● **TO DO**
In the records below, find the line that contains "a living room", then transcribe it and every later line exactly, stopping at the final line.

● **DATA PROVIDED**
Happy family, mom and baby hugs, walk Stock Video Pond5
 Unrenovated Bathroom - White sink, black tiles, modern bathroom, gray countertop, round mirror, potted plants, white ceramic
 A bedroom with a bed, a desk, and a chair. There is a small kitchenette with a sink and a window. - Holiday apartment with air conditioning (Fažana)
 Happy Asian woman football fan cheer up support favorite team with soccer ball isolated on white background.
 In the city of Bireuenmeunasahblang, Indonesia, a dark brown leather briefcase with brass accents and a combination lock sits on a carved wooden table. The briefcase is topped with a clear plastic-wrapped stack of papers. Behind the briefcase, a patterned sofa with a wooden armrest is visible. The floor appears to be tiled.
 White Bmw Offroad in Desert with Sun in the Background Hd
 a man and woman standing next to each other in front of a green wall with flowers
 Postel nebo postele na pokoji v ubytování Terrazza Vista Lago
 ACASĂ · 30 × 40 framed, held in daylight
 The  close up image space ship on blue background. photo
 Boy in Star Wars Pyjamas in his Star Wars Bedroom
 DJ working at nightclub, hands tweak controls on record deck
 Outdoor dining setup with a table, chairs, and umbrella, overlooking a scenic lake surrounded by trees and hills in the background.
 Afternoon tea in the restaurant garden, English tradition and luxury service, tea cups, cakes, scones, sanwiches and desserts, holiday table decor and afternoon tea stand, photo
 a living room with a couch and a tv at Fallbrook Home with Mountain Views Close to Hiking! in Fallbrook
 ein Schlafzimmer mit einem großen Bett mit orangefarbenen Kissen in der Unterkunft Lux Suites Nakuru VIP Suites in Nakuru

● **COMPLETED TASK**
 a living room with a couch and a tv at Fallbrook Home with Mountain Views Close to Hiking! in Fallbrook
 ein Schlafzimmer mit einem großen Bett mit orangefarbenen Kissen in der Unterkunft Lux Suites Nakuru VIP Suites in Nakuru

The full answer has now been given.